Großer Nachteil ist aber: Man kann per Online immer nur deutsche Versionen kaufen... oder wurde das mittlerweile geändert? Indizierte Spiele etc. bekommt man auf solchen Plattformen auch nicht.
Ich habe englische Versionen von Spielen bei Freunden gesehen, ich kann aber nicht sagen, ob es reicht irgendwelche Spracheinstellungen zu ändern.
Die Indizierung ist ein deutsches Phänomen , zu dem ich mich nicht äussern kann, da ich ihm nie begegnet bin.
Und: Wer kein schnelles Internet hat, der schaut bei reinem Downloadvertrieb total in die Röhre.
Desweiteren sind deine Spiele immer an Online-Accounts gebunden.
Also ich hoffe, dass der Retail Markt nie ganz aussterben wird.
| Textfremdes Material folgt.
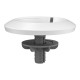 LOGITECH Rally Table and Ceiling Mount for Rally Mic Pod Bracket for microphone white ceiling mountable for Rally Bar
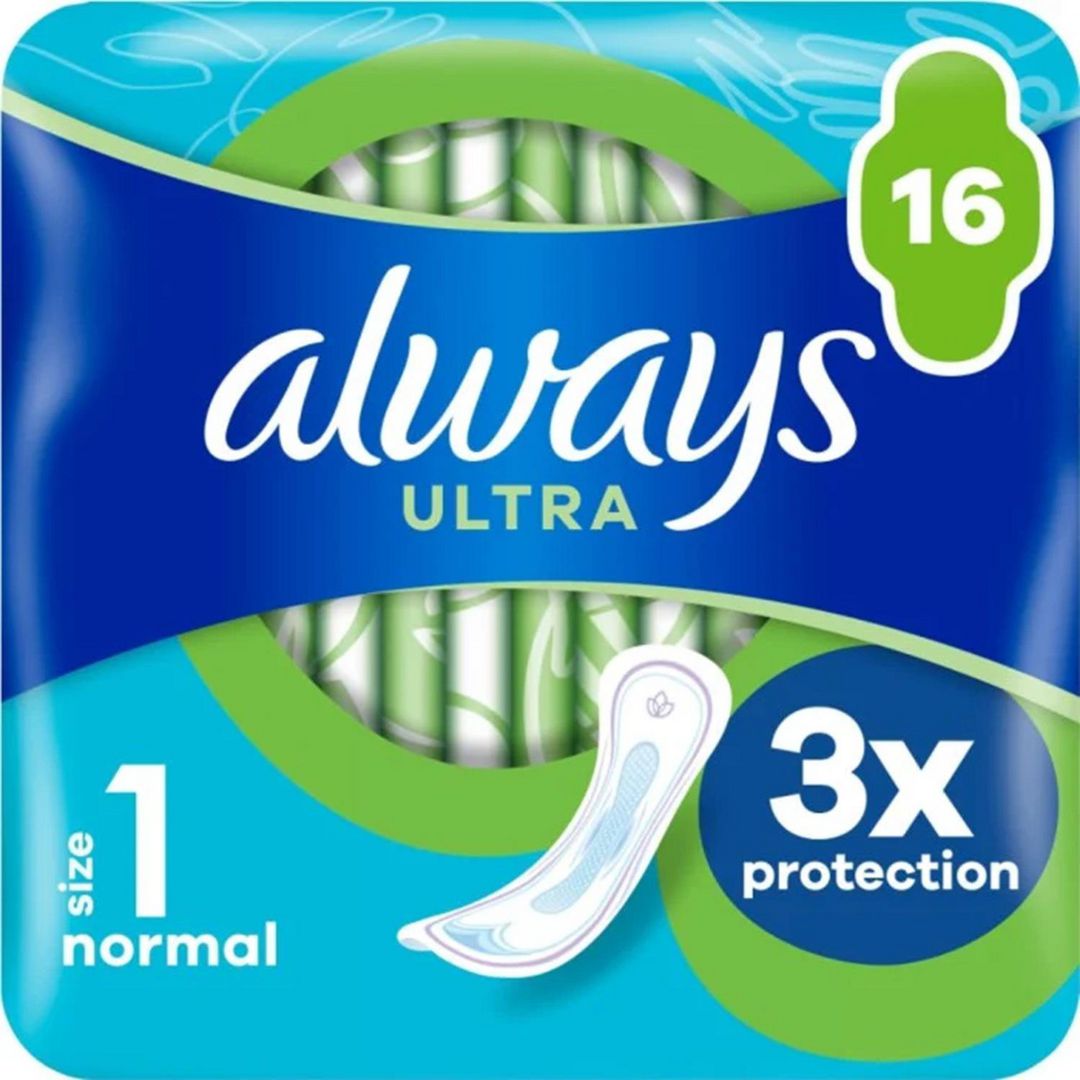 ALWAYS Binda Ultra Normal 30/fp | Sjukvård och omsorg - Hygien - Intimhygien | Kontorsexperten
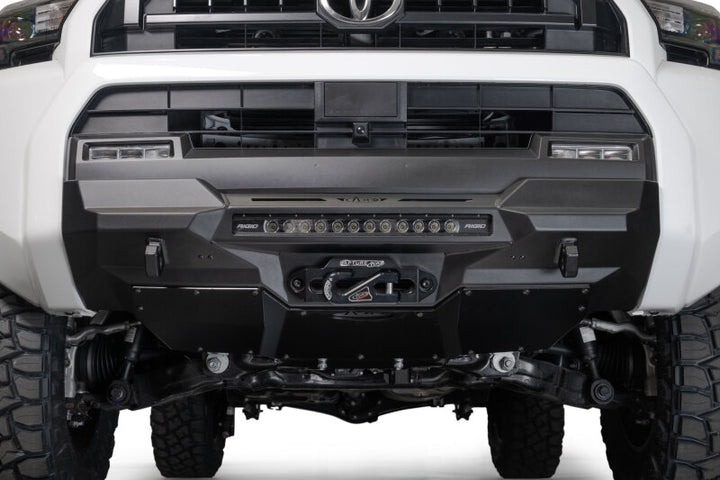 Addictive Desert Designs 2025 Toyota 4Runner Stealth Center Mount Front Bumper
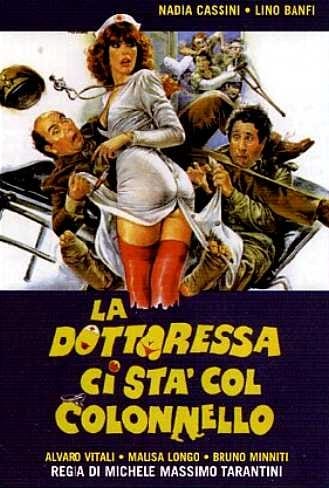 Un evergreen: "La dottoressa ci sta col colonnello". Mondo militare e medico si incontrano a suon di scene erotiche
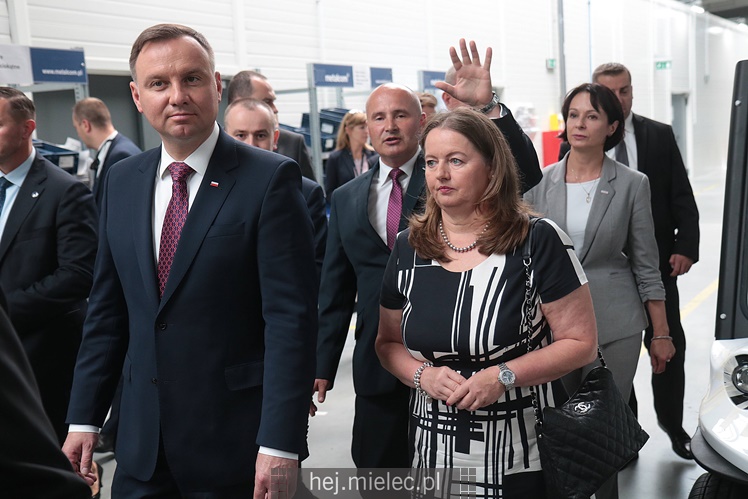 Prezydent RP Andrzej Duda w Mielcu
Für mich wäre das dann sogar ein Grund das Hobby ganz an den Nagel zu hängen.
Wer keine Breitbandanschluss hat, hat schlimmere Probleme. Es gibt Dinge, die meiner Meinung nach zu verbessern sind. Good Old Games z.B. bietet Spiel zum Herunterladen ohne Kopierschutz oder DRM an. Das ist zwar ein Spezialfall aber es zeigt die Richting, in die es gehen muss.
Man wird sehen, wie Valve reagiert, um mehr Kunden anzusprechen, wenn das Wachstum sich verlangsamt.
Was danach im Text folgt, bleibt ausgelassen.